PROBLEM DETAILS - In the material below, print every line exactly and omit the pictures.

RECORDED INFORMATION -
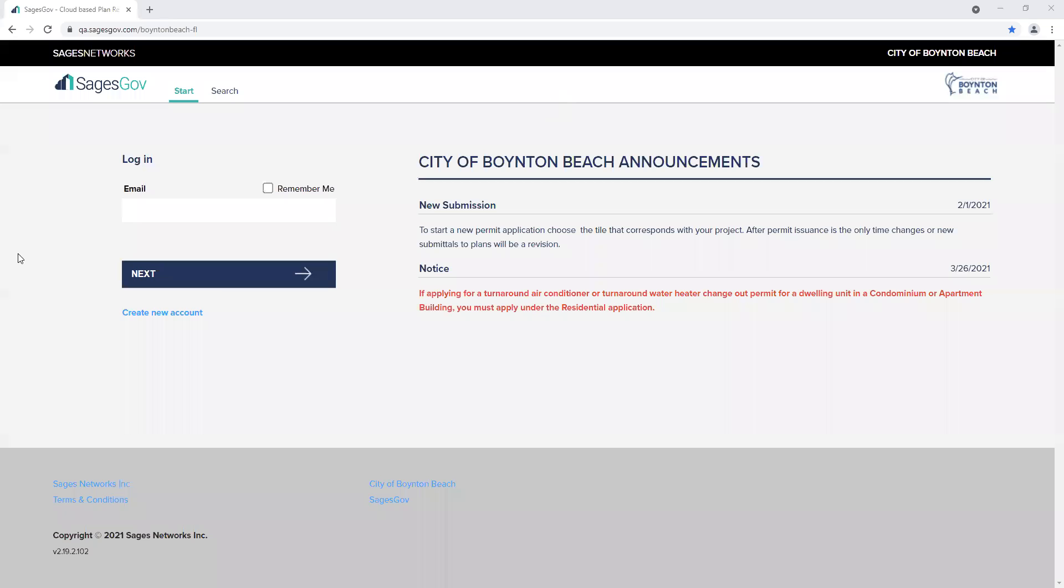Hello and welcome to the City of Boynton Beach's new electronic permitting software, SagesGov. My name is Nicole and today I will be showing you how to add users under a company account in SagesGov.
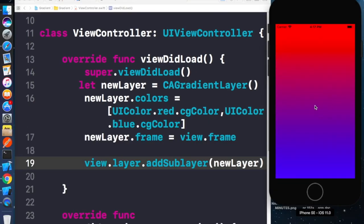Here in the right section you can see we have added the gradient — I used two colors, red and blue, and the result looks like this. I hope you get it, and if you have any doubts please write them in the comment section below and I'll surely reply.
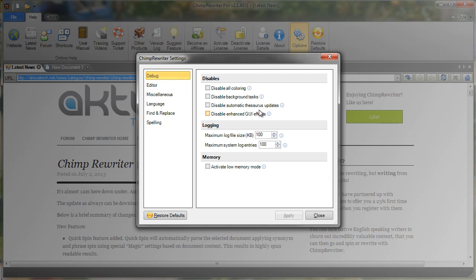Debug is very helpful on slow machines or if you're using Chimp via a remote desktop. So as you can see here, Disable Colouring, Disable Background Tasks and so on. Disable Enhanced GUI Effects, Disable things like Fading In and Out, Advanced Color Techniques, essential for remote desktop installations.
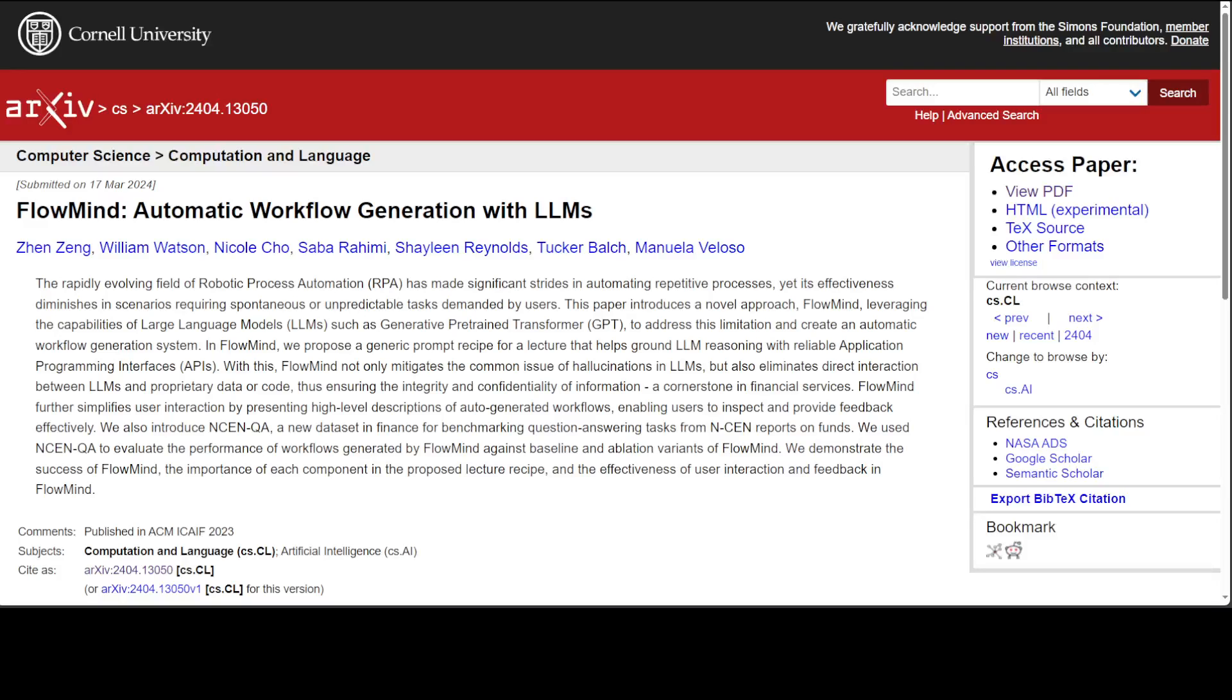JP Morgan is one of the biggest companies in the world. In the financial sector, they are always at the forefront of technology.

SOLUTION FOR THIS EXERCISE -
Hello and welcome to the City of Boynton Beach's new electronic permitting software, SagesGov. My name is Nicole and today I will be showing you how to add users under a company account in SagesGov.
Here in the right section you can see we have added the gradient — I used two colors, red and blue, and the result looks like this. I hope you get it, and if you have any doubts please write them in the comment section below and I'll surely reply.
Debug is very helpful on slow machines or if you're using Chimp via a remote desktop. So as you can see here, Disable Colouring, Disable Background Tasks and so on. Disable Enhanced GUI Effects, Disable things like Fading In and Out, Advanced Color Techniques, essential for remote desktop installations.
JP Morgan is one of the biggest companies in the world. In the financial sector, they are always at the forefront of technology.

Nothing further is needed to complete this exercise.